Even with these strategies, I still have some questions about how to make technical trainings more effective:

  1. How do I kick the boredom factor? How can technical trainings be more engaging? Having a clear purpose for learning the tool itself is, of course, critical, but sometimes that’s not quite enough to make a tutorial engaging. I would be curious to know if any readers here have suggestions for improving the “fun factor” of a tech training. Is there a gamification component that could be effective?
  2. How do I reduce feelings of potential overwhelm? I’ve had the experience of feeling like I can’t take in enough of the information during a technical training. As a designer, I’m wondering if readers have tips on ways that they reduce overwhelm for really technical concepts.
  3. How do I bring in alternative perspectives/alternative pathways without confusing the audience? Most tools have multiple pathways for completing particular operations.
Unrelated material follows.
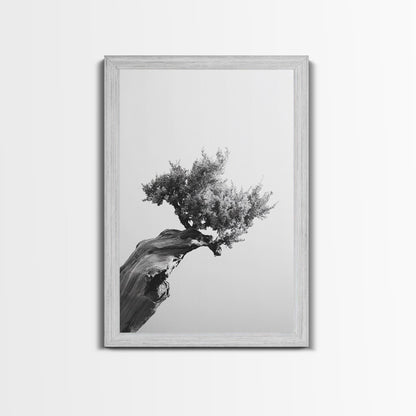 Bonsai Tree, Windswept Wood, Minimal Zen, Canvas Print, Japanese Style Art, Wabi Sabi Decor, Monochrome Botanical Wall Accent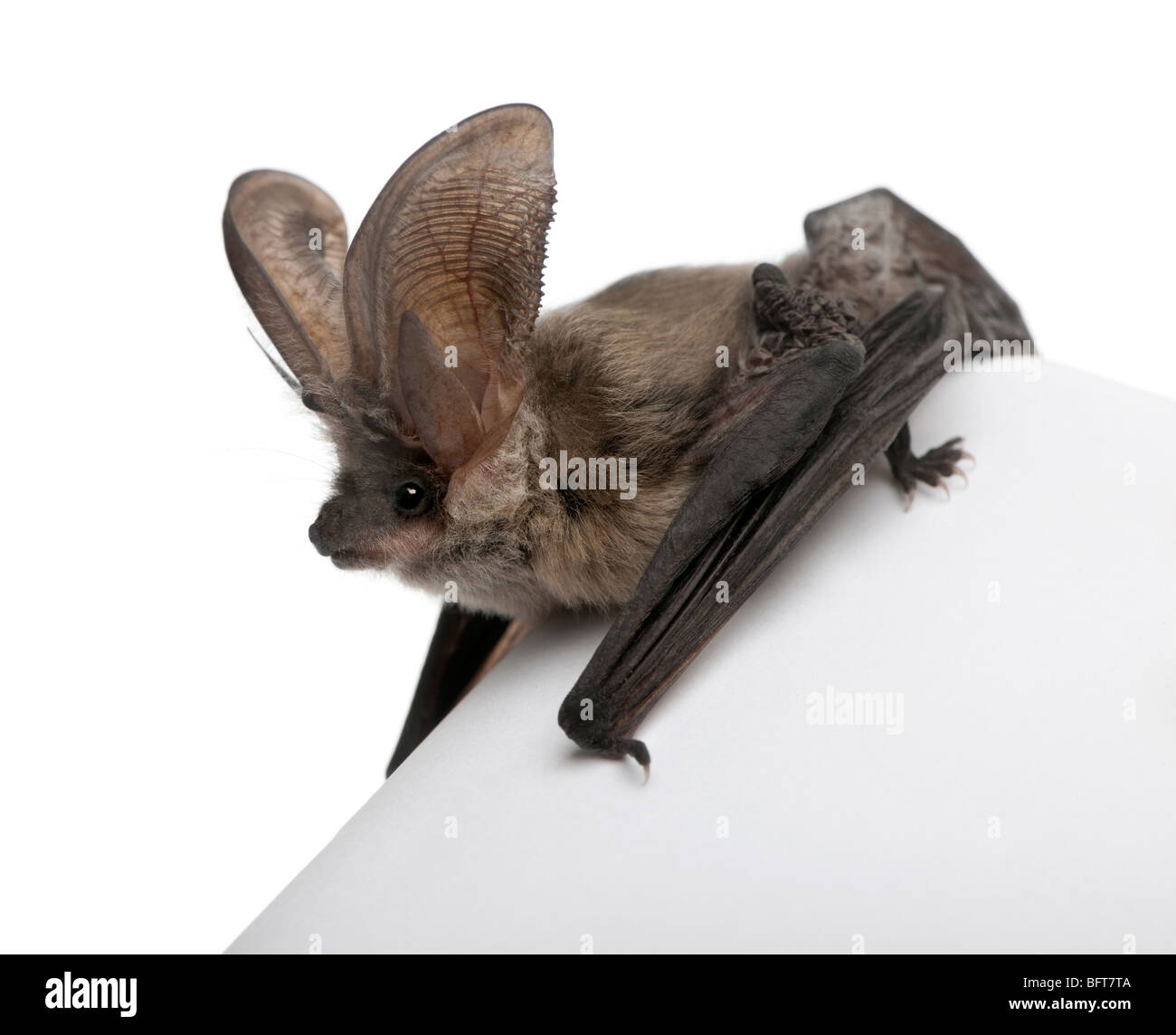 Grey long-eared bat, Plecotus astriacus, in front of white background, studio shot Stock Photo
I would like audience members to feel like they could explore those various options, but I also don’t want to offer too many different pathways. What are some good ways to make audience members aware of these pathways without also feeling confused by them?

It’s been a busy quarter for me of thinking through issues like this, but I’m hoping to get into a more regular blogging habit now that we’re already a full month into 2019! I hope that all of you out there are enjoying some cool new teaching experiences this winter.